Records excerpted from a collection
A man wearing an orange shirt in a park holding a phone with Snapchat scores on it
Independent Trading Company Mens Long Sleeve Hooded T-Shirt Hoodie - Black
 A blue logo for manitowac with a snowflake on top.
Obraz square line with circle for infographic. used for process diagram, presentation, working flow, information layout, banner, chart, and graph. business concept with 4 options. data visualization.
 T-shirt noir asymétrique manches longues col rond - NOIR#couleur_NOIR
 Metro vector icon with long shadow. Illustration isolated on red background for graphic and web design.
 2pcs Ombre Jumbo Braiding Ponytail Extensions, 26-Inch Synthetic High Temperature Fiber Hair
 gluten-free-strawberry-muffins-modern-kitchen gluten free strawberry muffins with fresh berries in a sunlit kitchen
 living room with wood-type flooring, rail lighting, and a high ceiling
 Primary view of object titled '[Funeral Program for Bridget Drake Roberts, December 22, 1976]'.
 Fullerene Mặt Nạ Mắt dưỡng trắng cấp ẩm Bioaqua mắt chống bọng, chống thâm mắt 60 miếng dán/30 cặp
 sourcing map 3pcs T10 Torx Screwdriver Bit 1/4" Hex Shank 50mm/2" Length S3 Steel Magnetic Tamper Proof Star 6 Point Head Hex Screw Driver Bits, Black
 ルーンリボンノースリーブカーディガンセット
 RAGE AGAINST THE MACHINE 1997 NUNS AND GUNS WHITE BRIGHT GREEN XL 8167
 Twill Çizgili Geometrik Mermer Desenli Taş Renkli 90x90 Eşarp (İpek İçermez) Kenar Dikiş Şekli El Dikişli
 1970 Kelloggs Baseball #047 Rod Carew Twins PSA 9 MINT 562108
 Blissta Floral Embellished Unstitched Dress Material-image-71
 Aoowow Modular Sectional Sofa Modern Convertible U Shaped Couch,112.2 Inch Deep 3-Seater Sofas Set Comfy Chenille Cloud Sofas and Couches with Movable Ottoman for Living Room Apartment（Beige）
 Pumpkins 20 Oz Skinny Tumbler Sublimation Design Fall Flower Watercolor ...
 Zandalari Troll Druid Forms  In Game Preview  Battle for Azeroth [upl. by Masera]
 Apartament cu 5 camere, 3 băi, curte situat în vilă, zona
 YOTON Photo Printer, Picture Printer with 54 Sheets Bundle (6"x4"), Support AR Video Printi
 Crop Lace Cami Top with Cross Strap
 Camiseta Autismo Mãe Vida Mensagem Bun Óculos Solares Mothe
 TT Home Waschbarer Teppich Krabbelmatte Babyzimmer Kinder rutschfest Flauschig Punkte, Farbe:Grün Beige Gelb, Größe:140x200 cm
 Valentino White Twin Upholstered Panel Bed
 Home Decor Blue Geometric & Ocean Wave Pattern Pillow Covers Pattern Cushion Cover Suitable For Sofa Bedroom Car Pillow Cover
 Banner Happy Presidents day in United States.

§ **TASK OBJECTIVE**: As listed above, the lines from the line with "2pcs Ombre Jumbo" to the line with "gluten-free-strawberry-muffins-modern-kitchen gluten free" are to be echoed exactly, with both ends included and nothing added.

§ **EXERCISE RESPONSE**:
 2pcs Ombre Jumbo Braiding Ponytail Extensions, 26-Inch Synthetic High Temperature Fiber Hair
 gluten-free-strawberry-muffins-modern-kitchen gluten free strawberry muffins with fresh berries in a sunlit kitchen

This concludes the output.